Also keep in mind that if you schedule the pins on an inland marine policy and there is a loss, the carrier will only pay up to the limit to replace the machine. So keep updating the values if your pin happens to appreciate.
If they can replace it for less (and the replacement item is in the same shape as yours was before the loss) then they will replace it even if the replacement costs them less than the value you insured it for you are not entitled to the balance.
However I believe the inland marine is the way to go for pins. Each pin is listed on the dec page along with a value and a premium. The carrier knows what they are insuring. Its much better than trying to claim them on your homeowners personal property coverage. They will claim they had no idea you had 30 pins and 10 jukes etc.
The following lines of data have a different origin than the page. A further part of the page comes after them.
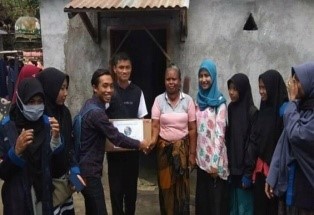 Distributing aid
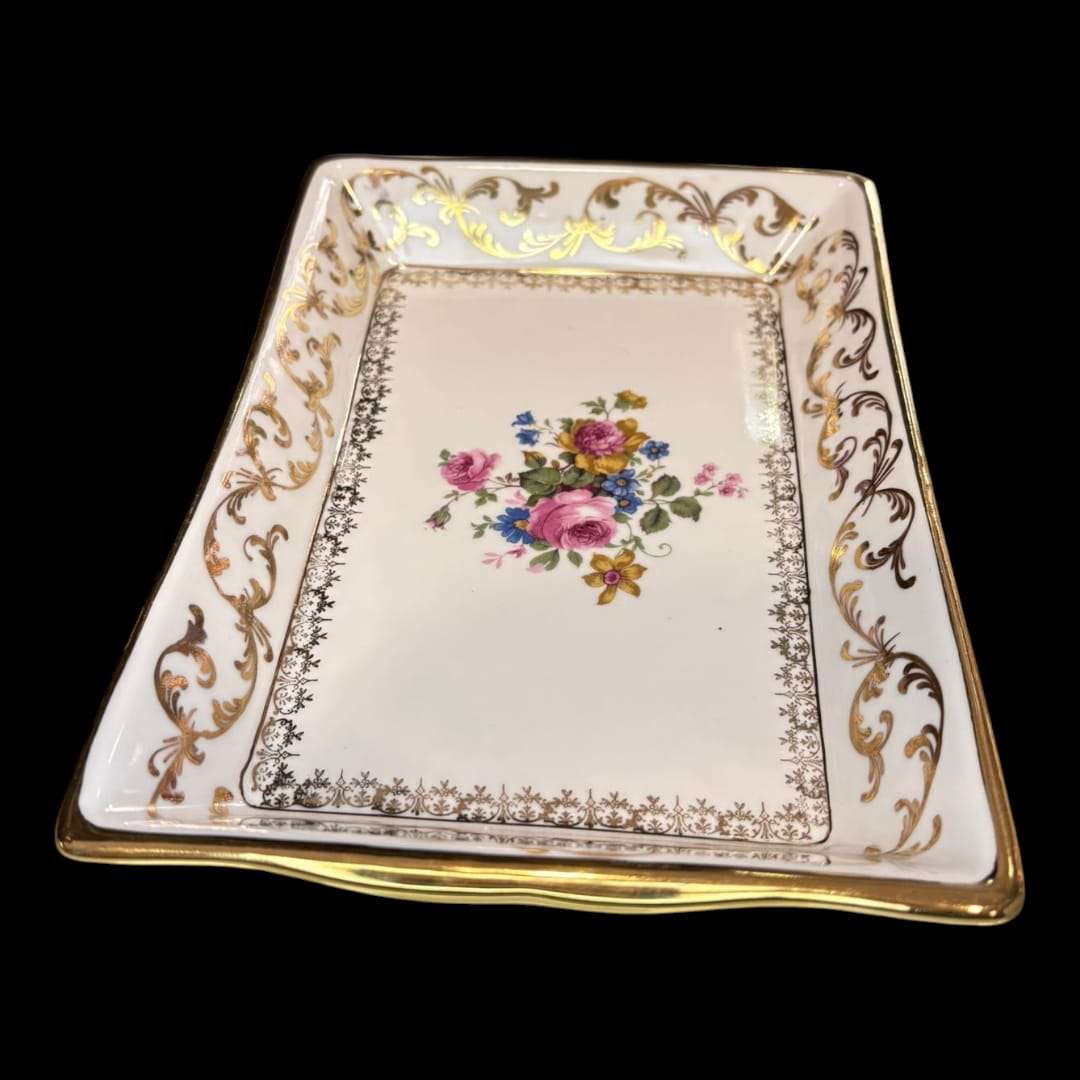 En el centro de la Bandeja de porcelana Nosegay se encuentra su icónico patrón “Nosegay”: un ramillete de flores multicolores compuesto por rosas, pensamientos y pequeñas flores azules y amarillas, un estilo característico de las porcelanas europeas más delicadas. 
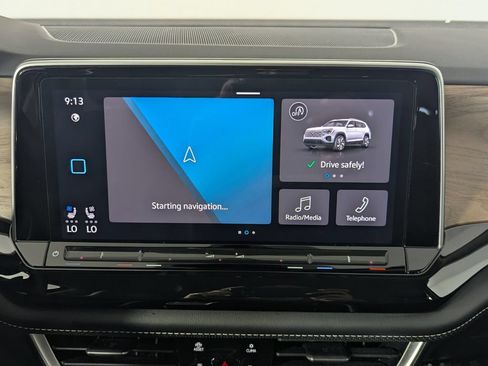 Used 2025 Volkswagen Atlas SE FWD image 19
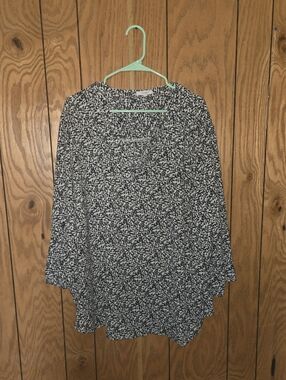 Black and White Patterned Women's Blouse - Lightweight Long Sleeve Top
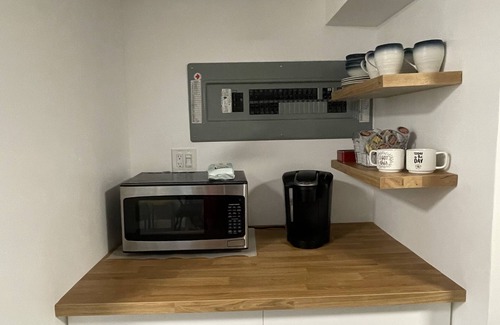 Mississauga Valleys House | Studio basement unit in quiet area, minutes from downtown Mississauga.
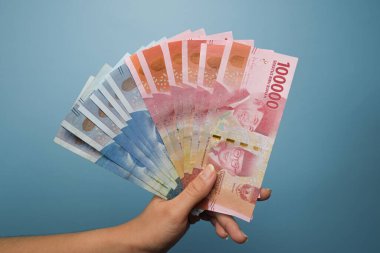 Kadın Tutma ve Gösterme 100.000 ve 50.000 Endonezya Rupiası Para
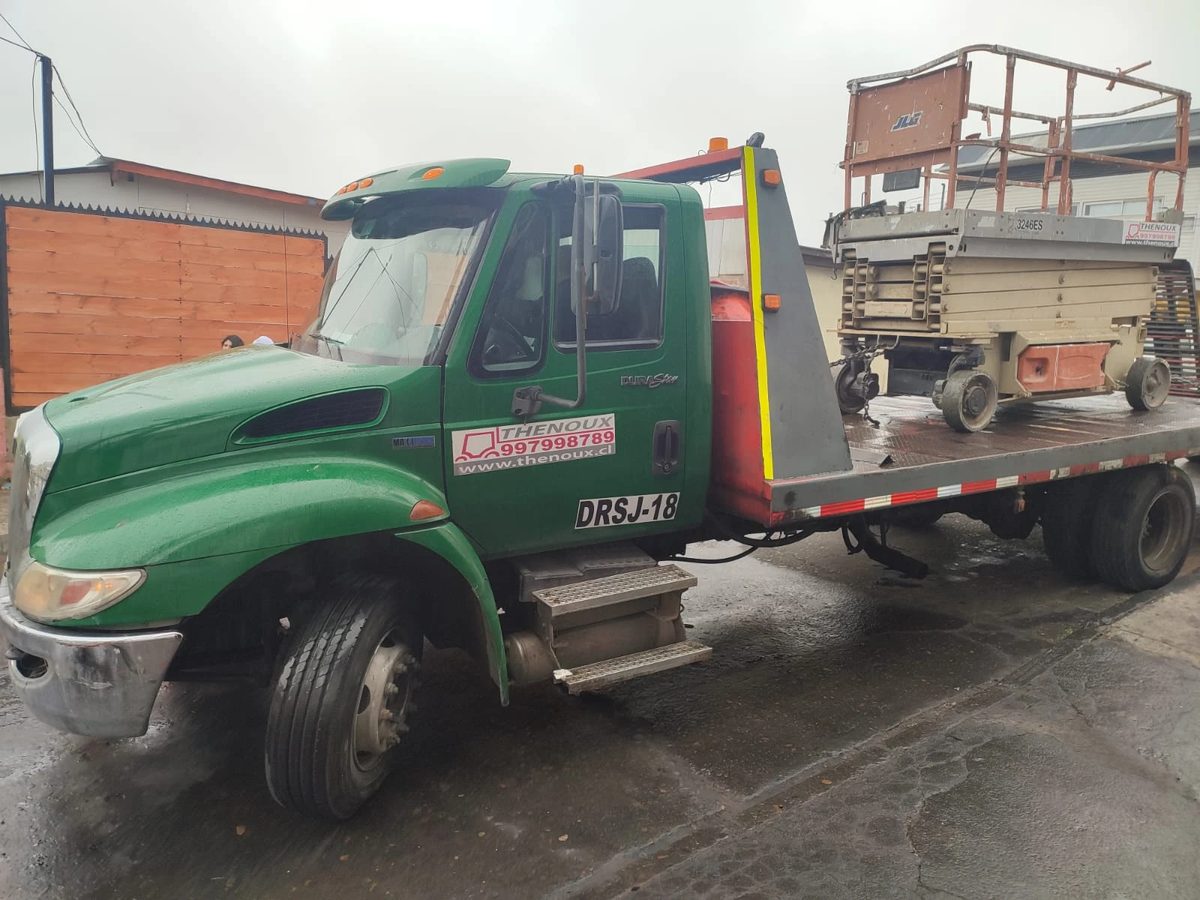 Camión de Thenoux transportando una plataforma tijera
Read your policy and ask questions...and yes the agent is only a sales person. They can't speak for the carrier nor should they.
If you had a loss and you thoroughly documented your process when you insured the pins and perhaps documented the fact that your agent said your pins would be covered for 'replacement cost' in the event of a total loss when if fact they were not....then you go after the agents E&O. Plain and simple.
A good agent will not 'speak' for the carrier. They may try to get an answer for you via email which is great but if they are 'shooting off the cuff' then take it with a grain of salt and get it in writing. Agents carry minimum $1,000,000 of E/O. We carry $11,000,000. Its cheap insurance for the insurance agents.